All patrol officers had cleared the scene prior to Acting Sergeant Fright’s arrival with the exception of P.C. Harbison, who waited to explain the situation, and the two plainclothes officers were just leaving. Acting Sergeant Fright spoke with R.T. for approximately 5 minutes and explained to him what had happened.
No reports on this incident were submitted at the time. Acting Sergeant Fright’s supplementary report was submitted as a result of a Senior Officer’s direction to him. A follow-up established Acting Sergeant Fright did not direct, but expected that the officers involved would have submitted their reports as per policy. Acting Sergeant Fright was under no obligation to clear this particular report. Any supervisor, including ones from the following shift, could have cleared the report without him knowing.
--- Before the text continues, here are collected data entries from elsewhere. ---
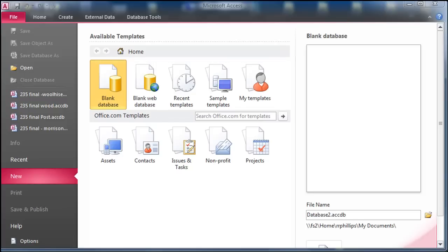Hey, this is Ralph. In this video I want to go over a scenario I posed in my class the other day for a books-authors database — basically a small database that keeps track of books and their authors. The key caveats are that one book can have many authors and one author can write many books. That's the scenario we've got to work with.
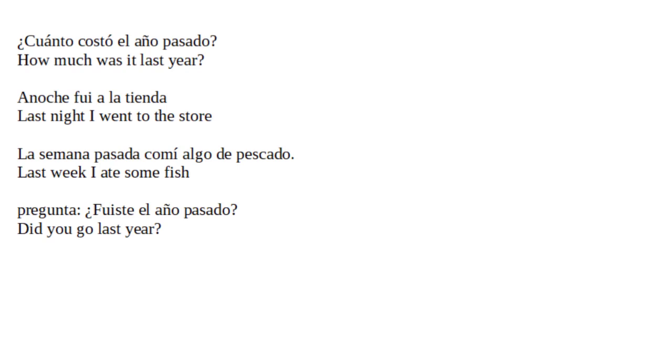Pregunta: ¿Fuiste el año pasado? Did you go last year?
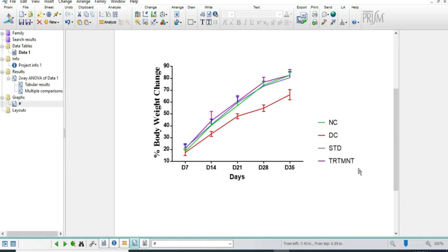This is ready — you can see your percentage body weight change linear graph. You can copy and paste it wherever you need it. How was the video? Please comment. Thank you for watching Research News.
Hearing Officer’s Decision:
The Hearing Officer reviewed the Hamilton Police Service’s policy and procedure set out at paragraph 4.3.09 and in particular, paragraph 1 which states as follows:
Unless otherwise directed by a supervisor or investigator in charge, the initial officer dispatched to or receiving the complaint shall submit the appropriate report. Assisting officers shall submit a supplementary report.
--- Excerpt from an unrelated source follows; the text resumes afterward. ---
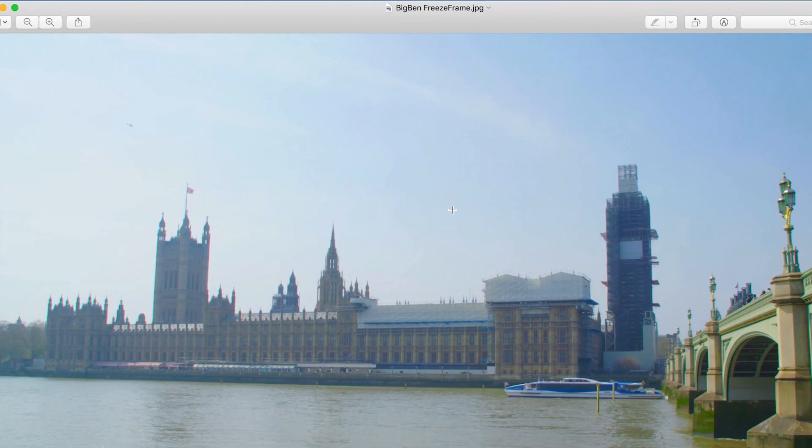We now have a screenshot of the video sitting on the desktop. It really is that quick and that easy to do. And there you go.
The Hearing Officer stated that the Notice of Hearing outlined two separate allegations, either of which proven would constitute a finding of Neglect of Duty; i.e. either Acting Sergeant Fright failed to ensure a report had been done and filed or failed himself to submit a report with respect to the incident. Both the prosecution and the defence agreed that a finding of misconduct with respect to one of the allegations included in the single charge was sufficient to establish misconduct.
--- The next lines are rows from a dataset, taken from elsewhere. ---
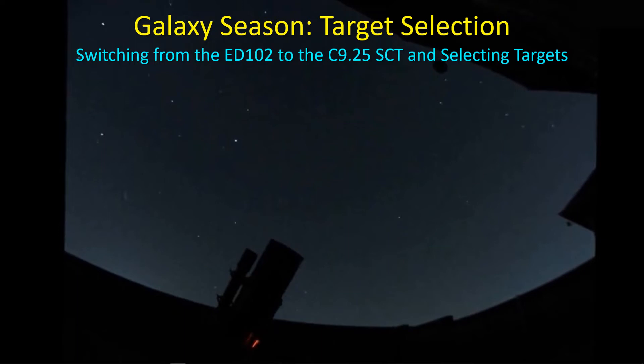First, we've got to switch over from the lower magnification 700mm and 250mm telescopes to the higher magnification SCT, longer focal length system for improved magnification. I also want to take a moment and talk about selecting targets, both in terms of framing and selecting guide stars. I'll be using the off-axis guide with the high magnification SCT, and that brings a few more challenges than using, say, a guide scope.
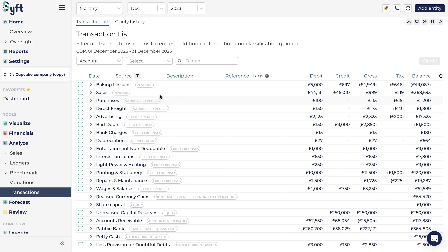With this tool, asking for clarification on a transaction is only a few clicks away, and you can keep track of every request for clarification too, giving you a neat audit trail.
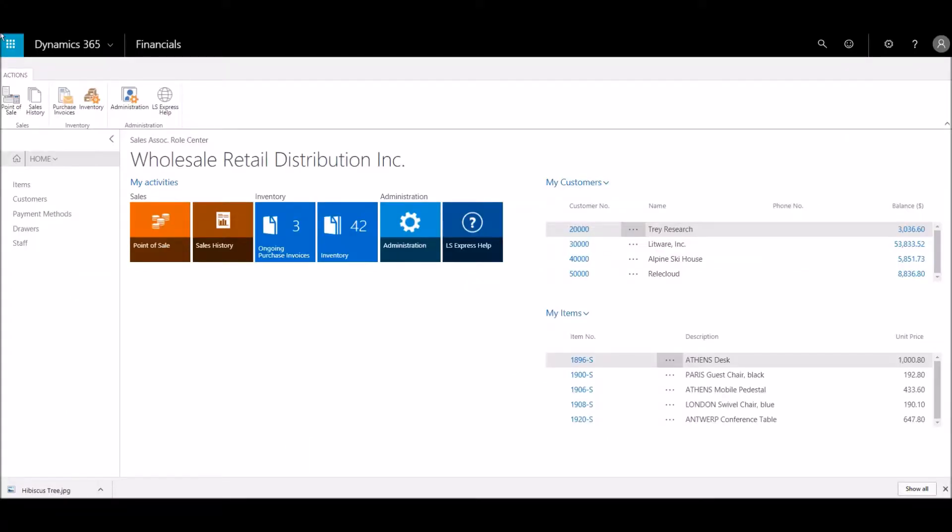In Microsoft Dynamics 365, specific attributes can be added to items, and items can be searched by those attributes. Let's add an attribute to an item.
The Hearing Officer stated that he found clear and convincing evidence that Constable Roy Fright, in his role as Acting Sergeant on September 18th, 2000, did commit the offence of Neglect of Duty when he failed to ensure that appropriate reports were submitted in relation to the incident. He found that there was no clear and convincing evidence that Constable Fright did commit the offence of Neglect of Duty by himself failing to submit a report.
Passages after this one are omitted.